Moulton labelled 'inadequate' by Ofsted inspectors again...but disapppointed college says rating 'does not reflect progress'

One of the largest colleges in the county has failed to shake its 'inadequate' rating despite being given a year to make improvements.

Moulton College has remained inadequate following its latest inspection.
Moulton College has remained inadequate following its latest inspection.

Though Moulton College has undergone a significant staff turnover since its last inspection in April 2018, Ofsted says the new leadership team in place has failed to 'secure the rapid improvements required'.

In fact, the inspectors say the quality of teaching, learning and assessment has declined since the last inspection - though previous fears over the safety of pupils there has been tightened up.

The college, in response, says it is disappointed with the recent Ofsted report, which it says does not reflect the progress made over the last 12 months and that further changes have already been put in place.

Moulton College has remained inadequate following its latest inspection.

The watchdog report, released today, says the school is particularly failing in English and maths. Too many pupils fail to attend lessons and too many do not pass exams, in part, because the lessons are not challenging enough, Ofsted says.

"Teachers’ feedback is frequently too positive, superficial and imprecise," reads the report.

"As a result, students do not understand how to improve their performance."

Moulton College - which provides apprenticeship, diploma, undergraduate and postgraduate courses to around 5,000 students - was previously ranked as 'requires improvement' in a 2016 inspection before falling to 'inadequate', the lowest possible rating, last year.

Alongside traditional subjects, it also caters for a range of vocational courses geared to the world of work such as bricklaying, plumbing and equine studies.

The inspectors picked out several areas that had not improved since last year's report.

For example, not all staff in animal care and equine studies had a strong enough grasp of their subject could not "relate theoretical concepts to practical situations well enough."

General classroom attendance was seen as too low and 'low-level misbehaviour' was noted in sports and plumbing classes.

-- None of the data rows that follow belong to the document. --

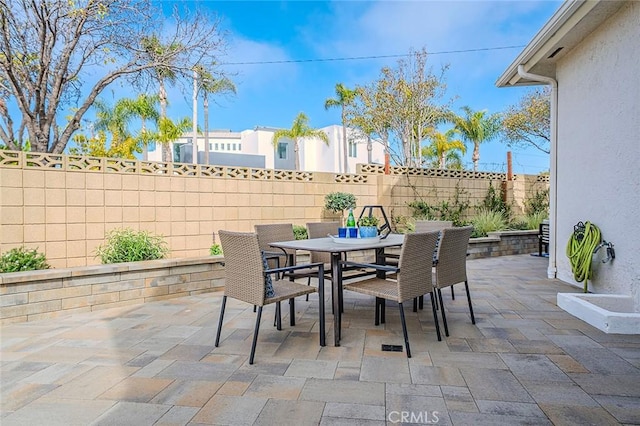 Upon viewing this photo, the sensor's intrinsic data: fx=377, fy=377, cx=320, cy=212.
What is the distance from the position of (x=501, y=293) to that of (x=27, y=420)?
170 inches

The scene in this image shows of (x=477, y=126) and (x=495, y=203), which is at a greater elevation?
(x=477, y=126)

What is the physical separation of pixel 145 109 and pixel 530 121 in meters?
12.7

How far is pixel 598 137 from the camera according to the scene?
12.9 ft

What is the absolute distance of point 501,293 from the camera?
14.2ft

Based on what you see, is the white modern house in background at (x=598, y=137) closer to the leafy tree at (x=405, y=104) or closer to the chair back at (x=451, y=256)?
the chair back at (x=451, y=256)

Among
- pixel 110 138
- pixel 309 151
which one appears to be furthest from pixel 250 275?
pixel 309 151

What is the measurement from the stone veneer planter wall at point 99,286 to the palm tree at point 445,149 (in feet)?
37.0

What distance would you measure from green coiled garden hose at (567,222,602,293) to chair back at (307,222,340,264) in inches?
105

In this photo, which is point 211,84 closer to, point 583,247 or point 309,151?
point 583,247

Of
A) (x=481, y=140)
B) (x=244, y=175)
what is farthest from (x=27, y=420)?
(x=481, y=140)

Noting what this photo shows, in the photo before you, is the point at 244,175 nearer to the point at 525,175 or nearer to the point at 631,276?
the point at 631,276

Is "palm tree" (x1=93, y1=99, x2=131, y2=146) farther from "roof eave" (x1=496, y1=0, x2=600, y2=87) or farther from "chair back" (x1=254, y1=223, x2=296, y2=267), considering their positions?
"roof eave" (x1=496, y1=0, x2=600, y2=87)

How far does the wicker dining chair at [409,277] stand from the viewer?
264cm

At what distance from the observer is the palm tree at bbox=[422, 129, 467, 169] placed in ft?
47.7
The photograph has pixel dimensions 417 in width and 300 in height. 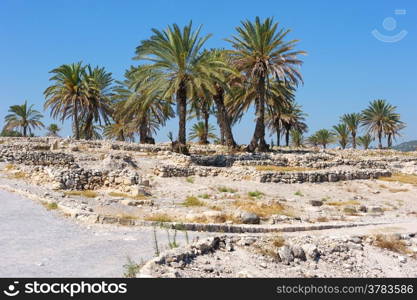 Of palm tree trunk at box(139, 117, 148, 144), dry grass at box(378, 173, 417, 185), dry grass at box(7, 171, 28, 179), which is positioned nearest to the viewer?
dry grass at box(7, 171, 28, 179)

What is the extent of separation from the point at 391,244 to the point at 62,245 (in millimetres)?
8376

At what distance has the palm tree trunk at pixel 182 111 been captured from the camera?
2942 cm

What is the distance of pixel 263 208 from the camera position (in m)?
15.3

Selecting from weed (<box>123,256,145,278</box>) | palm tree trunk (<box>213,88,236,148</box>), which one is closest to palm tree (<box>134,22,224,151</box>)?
palm tree trunk (<box>213,88,236,148</box>)

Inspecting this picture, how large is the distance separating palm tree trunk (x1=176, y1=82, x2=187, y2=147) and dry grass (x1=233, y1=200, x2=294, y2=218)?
1397 cm

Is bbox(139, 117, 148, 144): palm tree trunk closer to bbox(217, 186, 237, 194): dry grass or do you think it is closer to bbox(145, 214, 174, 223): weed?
bbox(217, 186, 237, 194): dry grass

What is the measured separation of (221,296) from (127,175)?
45.9 ft

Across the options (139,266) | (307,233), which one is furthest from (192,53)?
(139,266)

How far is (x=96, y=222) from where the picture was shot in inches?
436

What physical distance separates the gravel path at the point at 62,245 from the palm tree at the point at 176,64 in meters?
17.6

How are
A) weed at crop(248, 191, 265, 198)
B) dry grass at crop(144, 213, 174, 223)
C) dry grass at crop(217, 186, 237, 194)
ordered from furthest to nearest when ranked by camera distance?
dry grass at crop(217, 186, 237, 194) < weed at crop(248, 191, 265, 198) < dry grass at crop(144, 213, 174, 223)

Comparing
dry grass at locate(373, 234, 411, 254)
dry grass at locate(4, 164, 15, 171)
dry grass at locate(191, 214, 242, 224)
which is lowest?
dry grass at locate(373, 234, 411, 254)

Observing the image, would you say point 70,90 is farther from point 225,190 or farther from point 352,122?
point 352,122

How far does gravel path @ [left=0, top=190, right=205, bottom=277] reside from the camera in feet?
23.4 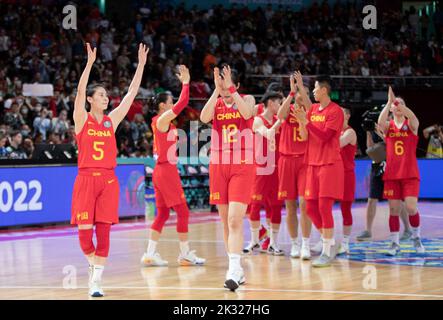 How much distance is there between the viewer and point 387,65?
90.4 ft

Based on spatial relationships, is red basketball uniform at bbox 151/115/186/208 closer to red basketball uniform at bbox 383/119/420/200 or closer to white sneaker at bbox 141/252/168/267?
white sneaker at bbox 141/252/168/267

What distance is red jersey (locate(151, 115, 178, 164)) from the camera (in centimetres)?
1106

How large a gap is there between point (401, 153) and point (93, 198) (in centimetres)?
528

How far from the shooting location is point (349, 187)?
12.5 m

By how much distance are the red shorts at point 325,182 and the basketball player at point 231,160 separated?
1838mm

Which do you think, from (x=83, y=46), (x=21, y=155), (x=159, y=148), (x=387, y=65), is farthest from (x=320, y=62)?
(x=159, y=148)

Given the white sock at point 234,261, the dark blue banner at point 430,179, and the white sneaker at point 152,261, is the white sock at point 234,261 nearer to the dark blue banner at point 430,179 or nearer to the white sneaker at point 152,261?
the white sneaker at point 152,261

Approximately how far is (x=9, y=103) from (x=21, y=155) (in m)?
2.51

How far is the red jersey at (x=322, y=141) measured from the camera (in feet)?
35.3

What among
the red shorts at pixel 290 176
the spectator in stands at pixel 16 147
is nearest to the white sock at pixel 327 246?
the red shorts at pixel 290 176

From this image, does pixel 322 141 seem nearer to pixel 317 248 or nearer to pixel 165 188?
pixel 165 188

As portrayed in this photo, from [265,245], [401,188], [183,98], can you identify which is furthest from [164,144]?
[401,188]

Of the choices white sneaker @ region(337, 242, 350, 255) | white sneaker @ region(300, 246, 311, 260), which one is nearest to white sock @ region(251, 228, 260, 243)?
white sneaker @ region(300, 246, 311, 260)

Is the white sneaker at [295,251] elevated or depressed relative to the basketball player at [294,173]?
depressed
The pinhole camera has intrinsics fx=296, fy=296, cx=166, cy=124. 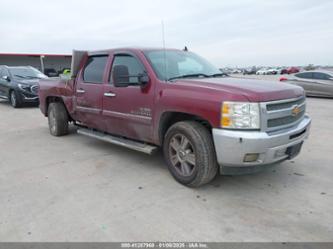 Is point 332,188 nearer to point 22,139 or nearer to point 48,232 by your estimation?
point 48,232

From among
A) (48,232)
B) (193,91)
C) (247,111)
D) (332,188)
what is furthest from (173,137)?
(332,188)

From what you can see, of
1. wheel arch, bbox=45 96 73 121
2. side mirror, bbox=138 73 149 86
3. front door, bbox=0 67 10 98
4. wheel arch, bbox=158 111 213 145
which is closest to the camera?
wheel arch, bbox=158 111 213 145

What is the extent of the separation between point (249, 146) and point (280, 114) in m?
0.61

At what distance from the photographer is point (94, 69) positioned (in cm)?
539

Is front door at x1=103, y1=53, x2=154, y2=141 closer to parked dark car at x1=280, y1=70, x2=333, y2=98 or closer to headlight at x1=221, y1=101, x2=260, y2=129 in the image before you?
headlight at x1=221, y1=101, x2=260, y2=129

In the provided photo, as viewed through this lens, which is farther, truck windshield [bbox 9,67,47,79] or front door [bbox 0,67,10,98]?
truck windshield [bbox 9,67,47,79]

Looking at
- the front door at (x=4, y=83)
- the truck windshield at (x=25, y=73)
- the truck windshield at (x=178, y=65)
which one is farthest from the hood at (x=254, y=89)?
the front door at (x=4, y=83)

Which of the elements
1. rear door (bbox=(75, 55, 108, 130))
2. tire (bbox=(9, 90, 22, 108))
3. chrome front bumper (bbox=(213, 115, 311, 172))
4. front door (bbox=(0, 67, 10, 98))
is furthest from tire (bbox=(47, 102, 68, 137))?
front door (bbox=(0, 67, 10, 98))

However, there were some positives to be taken from the inspection, which was carried out during April.

Expertise on the governing board has improved - while students' behaviour around the campus had also improved 'significantly'.

The adult learning courses were seen as a real strong point for the college, which has a base at Higham Ferrers.

"Students on distance learning programmes and those on stonemasonry, sports massage, floristry and furniture making courses benefit from high-quality teaching and make good progress in developing their skills and knowledge," the inspectors said.

A spokeswoman for the college said that a new management team, led by interim principal Ann Turner, was seeking to address the areas in need of improvement.

She said: "Moulton College were disappointed with the outcome of the recent Ofsted inspection, which does not reflect the significant progress made in the last 12 months.

"The college is pleased to see that the enhanced board of governors, new leadership team, the change in culture, the high priority placed on ensuring students are safe with very effective, strengthened safeguarding practices, good student behaviour and improved staff morale are all acknowledged.

"The work on improving teaching and learning has still to have the impact desired, but improvements are ongoing to ensure that every Moulton student receives the best possible student experience.

"The college has radically overhauled its workforce in the past year. Governors are confident that we have a stable, passionate committed workforce that is constantly developing to improve the teaching, learning and student experience within a supportive, caring environment utilising excellent resources."

The spokeswoman said that 93 per cent of students move into employment or progress academically on leaving the college.

The newly appointed principal and chief executive, Corrie Harris, will take up post on July 1.